Proactive service assurance for cloud applications – Predicting application issues
- Service assurance is critical for maintaining high-quality advanced mobile network services. While artificial intelligence and machine learning (AI/ML) offer promising proactive solutions, their widespread application is hindered by the challenges of building and running these models.
- This blog post outlines these challenges and describes the first step of proactive service assurance: Effectively predicting application issues.
Emerging network applications, such as massive immersive communication and connected intelligent machines, demand guaranteed end-to-end quality-of-service (QoS) with high reliability and availability. Distributed, heterogeneous clouds serve as the fundamental infrastructures, supporting these demanding applications.
However, due to the dynamic nature of such clouds, applications deployed in these environments may face performance issues, where the infrastructure and traffic pattern may change, and failures may occur.
Factors like improper resource allocation, network congestion, hardware failures, or software bugs can all degrade service availability, impacting QoS metrics, including response time and throughput. To sustain application performance and availability, it is essential to identify and address these potential problems, making service assurance mechanisms critically important.
Here, we will discuss in depth the challenges and solutions of service assurance, emphasizing AI/ML based approaches.
Reactive vs. proactive service assurance
In modern service assurance, two primary approaches are employed: Reactive and proactive.
Reactive service assurance involves responding to issues, such as service interruptions and performance degradation after they occur. Typically, a monitoring system detects these issues in applications or infrastructure, triggering alerts to technical experts or automated procedures for investigation and resolution. Speedy response and minimum downtime are critical in this approach.

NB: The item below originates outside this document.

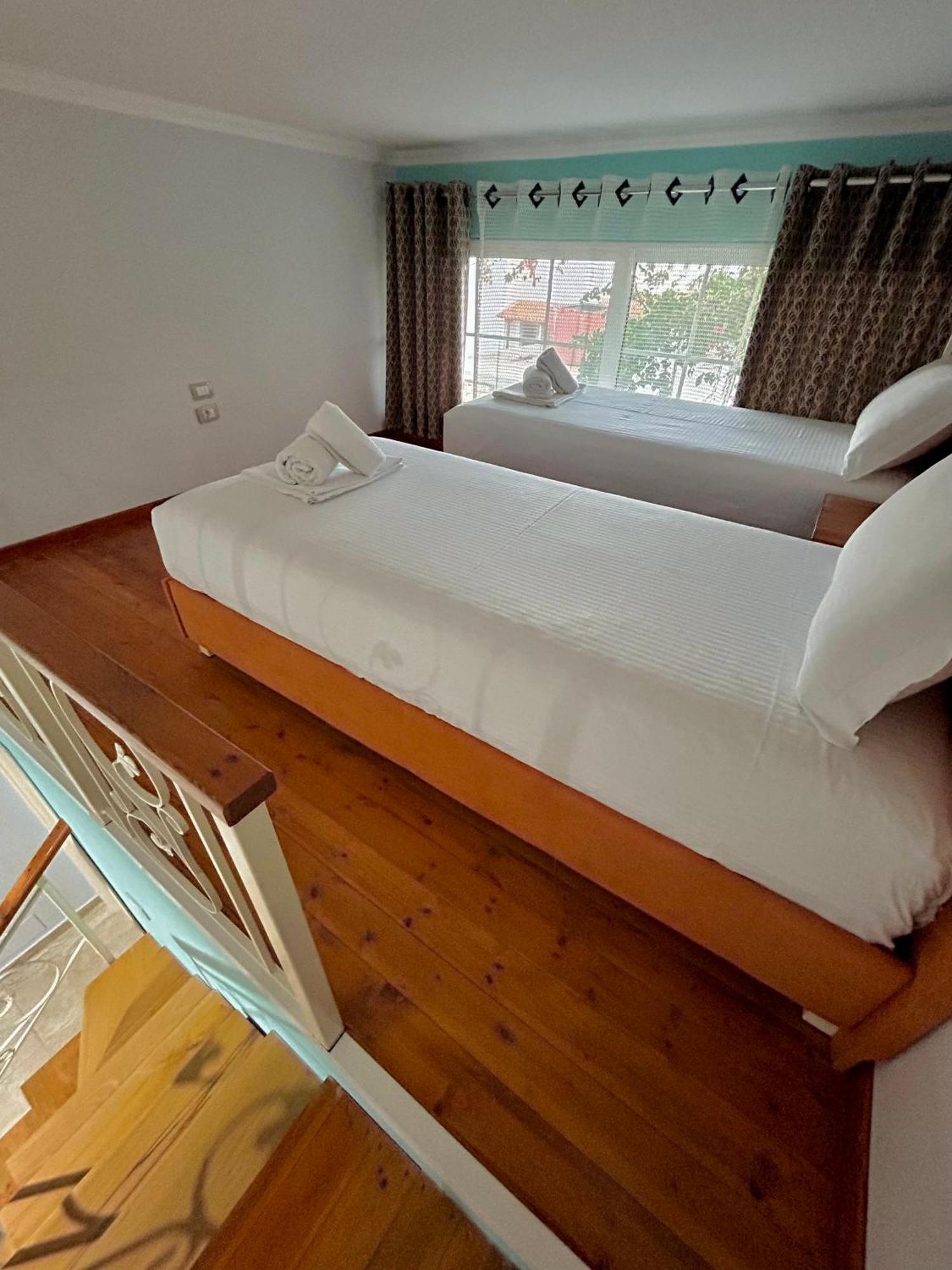 Crown Deluxe Apartments Sarande Ngoại thất bức ảnh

However, reactive methods can lead to prolonged downtime and customer dissatisfaction if the issues are not promptly detected and resolved. Sometimes, quick fixes like simple restarts are applied without addressing the underlying causes, resulting in recurring issues.
Proactive service assurance, in contrast, anticipates and addresses potential issues before they impact service quality or cause disruptions. It continuously monitors infrastructure performance, using predictive analytics and machine learning to detect trends and patterns, forecast problems, and enable preemptive actions. This proactive approach enhances service reliability, minimizes downtime, and optimizes resource utilization by identifying areas for improvement based on performance insights.
Approaches in use today
Currently, reactive service assurance is the standard way to ensure the runtime QoS of cloud applications. While fault tolerance and high availability strategies can be implemented in the earlier deployment phase, they often struggle to adapt to the highly dynamic environment changes.

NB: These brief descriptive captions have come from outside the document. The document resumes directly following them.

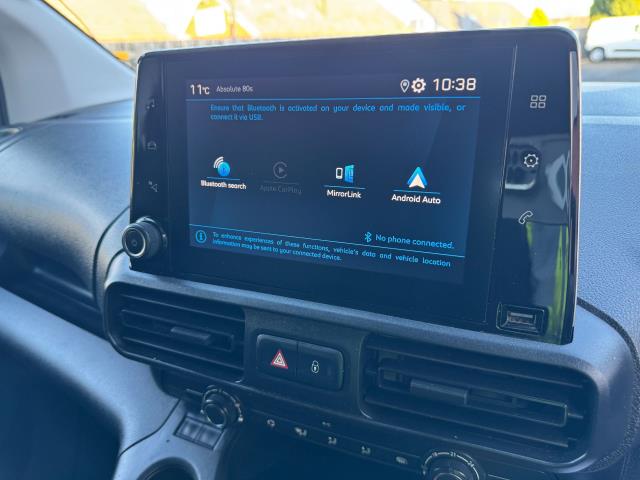 2021 Peugeot Partner 850 1.5 Bluehdi 100 Professional Crew Van (70mph Speed Limiter) (NU21HFH) Image 24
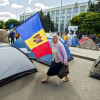 Протесты в Кишеневе. Премьер и спикер парламента согласились прийти к протестующим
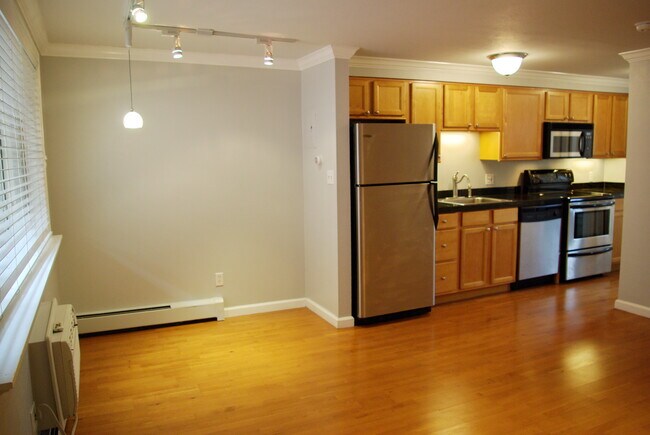 Dining Area - 36 N Emerson St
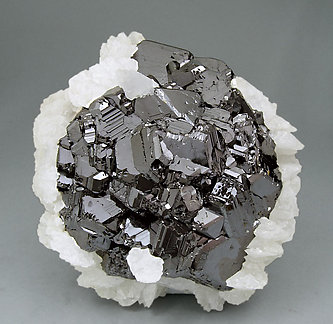 Sphalerite with Calcite. 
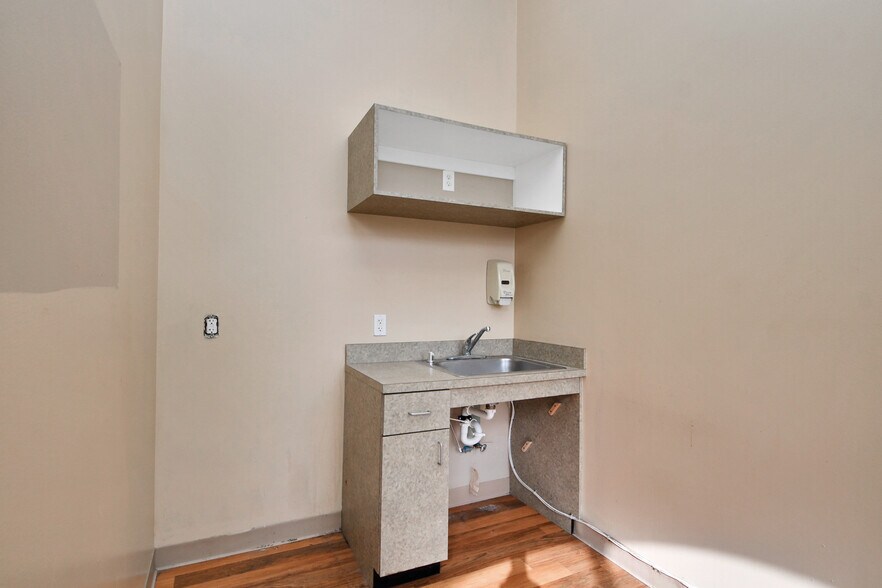 More Photos Of 3521 Town Center Blvd, Sugar Land Medical For Lease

Contrary to the reactive method, proactive service assurance is a more promising method for providing highly reliable services. However, its broader adoption faces challenges due to the complexities involved in building and running AI/ML models.
Challenges in applying AI/ML in proactive service assurance
Proactive service assurance requires in-depth research to develop predictive models that can accurately and immediately anticipate both cloud infrastructure failures and application performance issues. In a previous blog post, we discussed the use of Long Short-Term Memory (LSTM) and Convolutional Neural Network (CNN) models for predicting cloud infrastructure failures. In this post, we will focus on predicting performance issues for applications deployed in cloud environments. This brings new challenges in both building the prediction model and sustaining its performance during runtime.
To illustrate the challenges in predicting application performance issues, consider the example of a cloud system hosting applications, such as an extended reality application or a cloud native 5G core, and radio access networks, shown in Fig. 1. Here, an operator aims to develop a deep learning model to predict performance degradations. This model needs to be trained within a “model building” function using data collected from a “monitoring system.” Once trained, it is deployed in the cloud system for “online prediction.” The insights from these predictions can then be used for proactive service assurance, such as root cause analysis and triggering of remediation actions.
Fig. 1: Overview of application performance prediction in cloud system
Challenges related to building a prediction model
The first challenge in developing prediction models for cloud-based application performance issues is feature (or metric) selection. In Fig. 1, the cloud system includes a “Monitoring System” that gathers raw training data, including potential features, like container and infrastructure CPU utilization, memory usage, network latency, and I/O operations. Using all these features for model training is impractical, as it can increase computational costs and potentially reduce the model’s predictive accuracy due to noise.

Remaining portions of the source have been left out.